(RECORDS TO USE Opens)

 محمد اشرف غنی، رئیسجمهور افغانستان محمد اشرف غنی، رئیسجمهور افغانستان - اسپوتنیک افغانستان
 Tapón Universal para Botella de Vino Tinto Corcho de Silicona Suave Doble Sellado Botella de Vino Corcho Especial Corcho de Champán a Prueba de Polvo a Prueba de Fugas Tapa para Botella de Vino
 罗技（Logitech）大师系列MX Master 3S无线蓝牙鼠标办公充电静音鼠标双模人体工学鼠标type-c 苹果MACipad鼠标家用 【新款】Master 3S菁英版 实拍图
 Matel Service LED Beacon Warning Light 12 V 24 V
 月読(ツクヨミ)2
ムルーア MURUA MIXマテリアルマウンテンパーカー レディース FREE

(RECORDS TO USE Closes)
(RECORDS TO USE Opens)

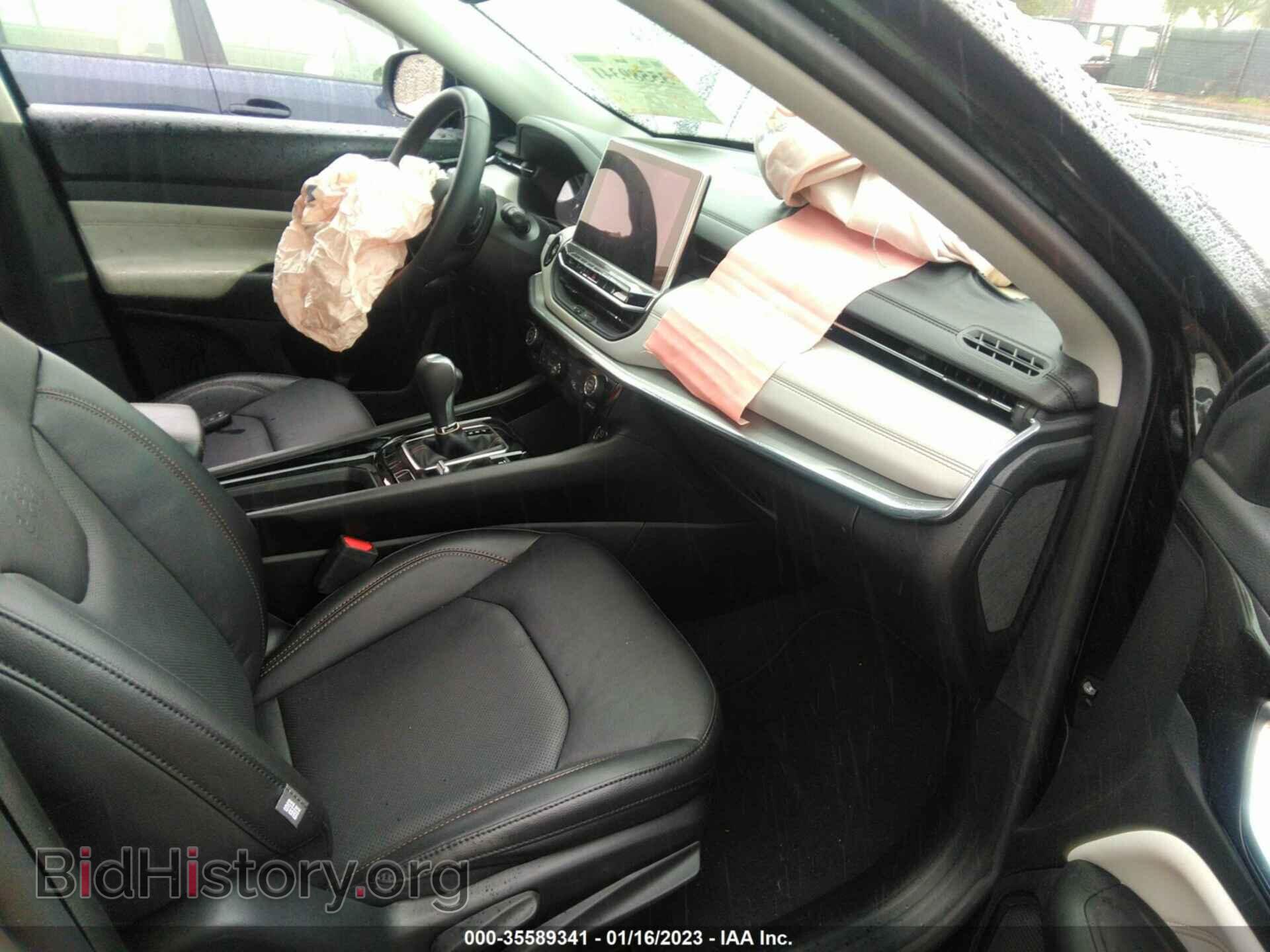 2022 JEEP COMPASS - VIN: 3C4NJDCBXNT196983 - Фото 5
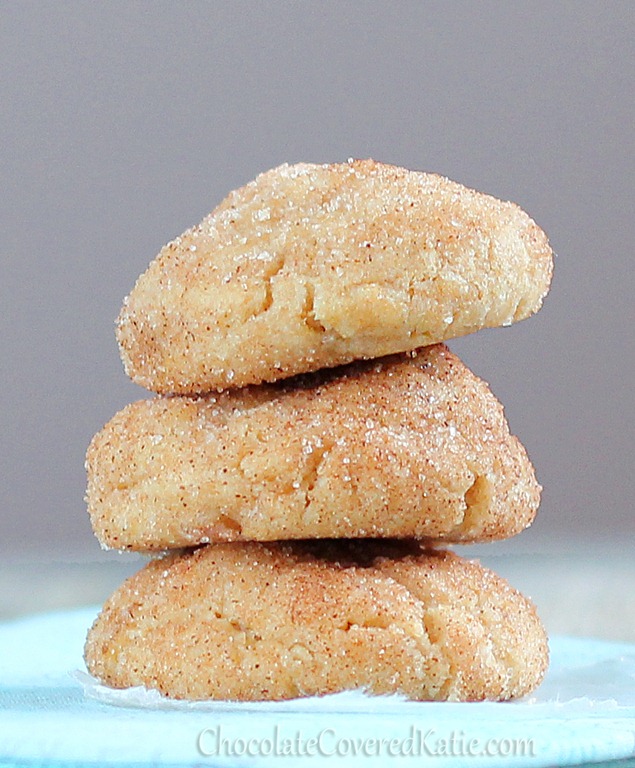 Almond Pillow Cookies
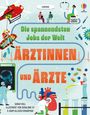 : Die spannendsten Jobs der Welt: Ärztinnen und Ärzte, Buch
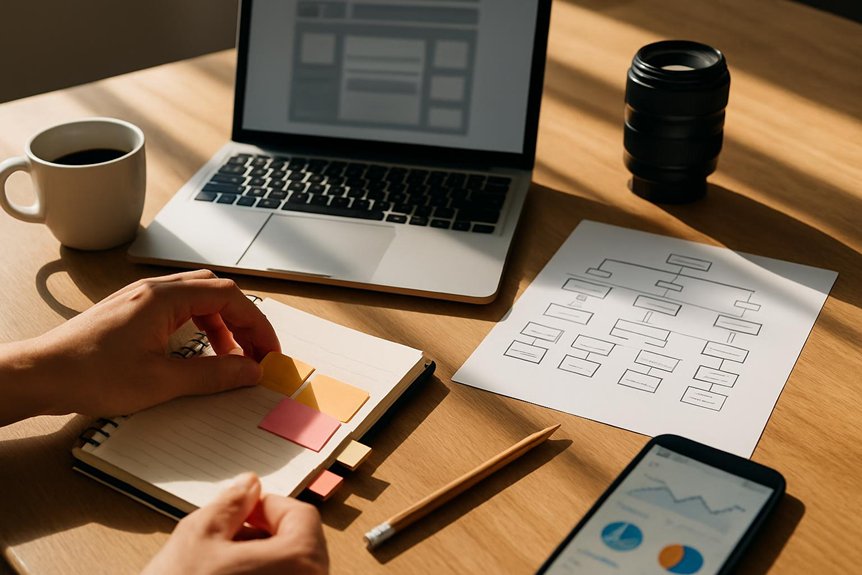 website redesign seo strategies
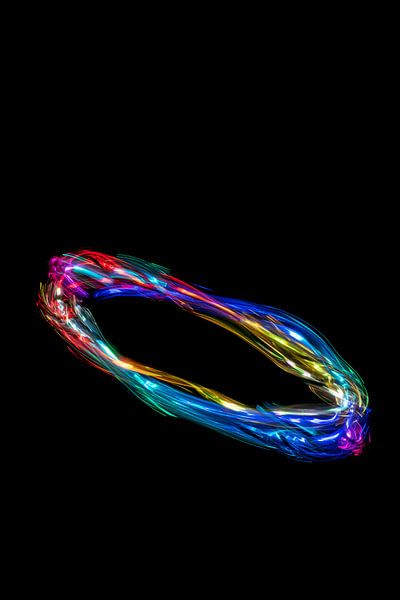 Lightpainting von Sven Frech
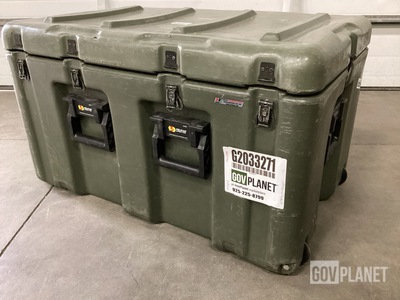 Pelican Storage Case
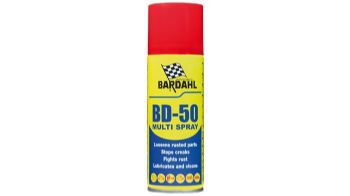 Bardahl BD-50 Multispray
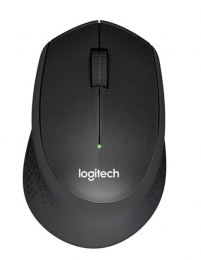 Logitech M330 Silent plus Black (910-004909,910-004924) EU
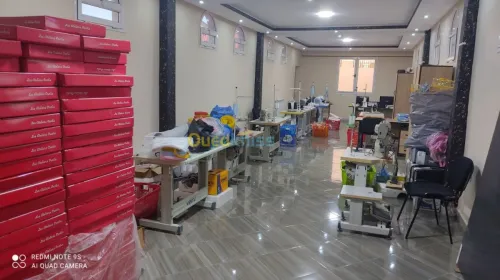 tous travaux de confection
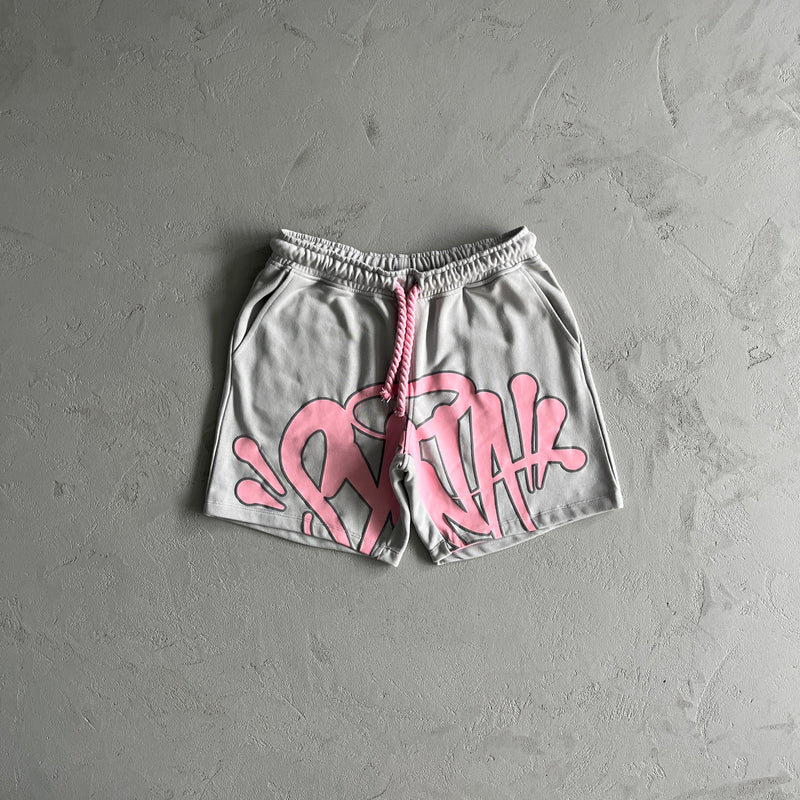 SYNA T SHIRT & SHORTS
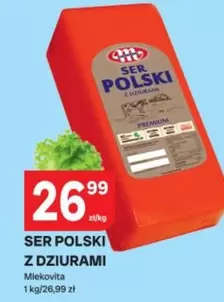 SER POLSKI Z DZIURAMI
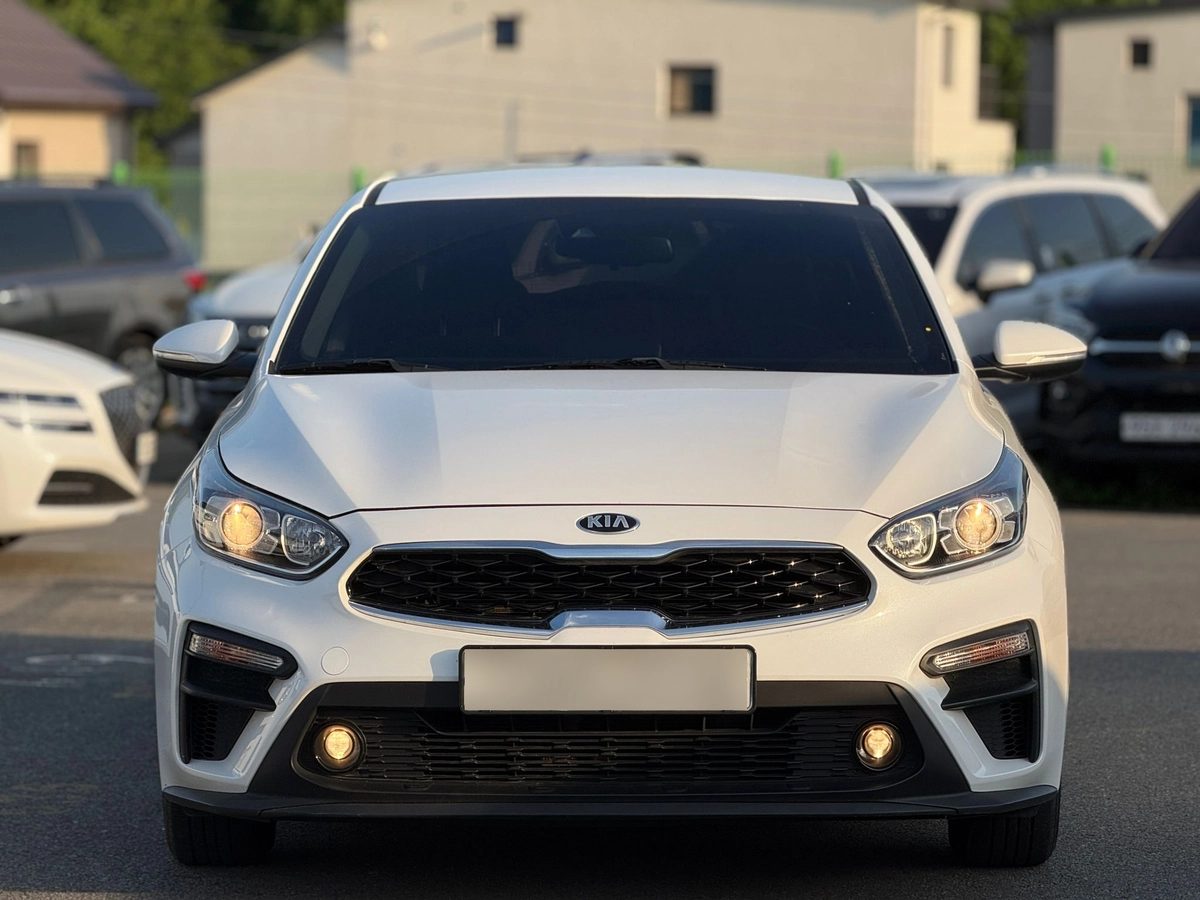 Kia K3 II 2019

(RECORDS TO USE Closes)

WHAT TO DO:
Look above for the line with "Pelican Storage Case" and the line with "Kia K3 II 2019". Give again exactly those two lines and all lines between them, pictures excluded.

YOUR RESPONSE:
 Pelican Storage Case
 Bardahl BD-50 Multispray
 Logitech M330 Silent plus Black (910-004909,910-004924) EU
 tous travaux de confection
 SYNA T SHIRT & SHORTS
 SER POLSKI Z DZIURAMI
 Kia K3 II 2019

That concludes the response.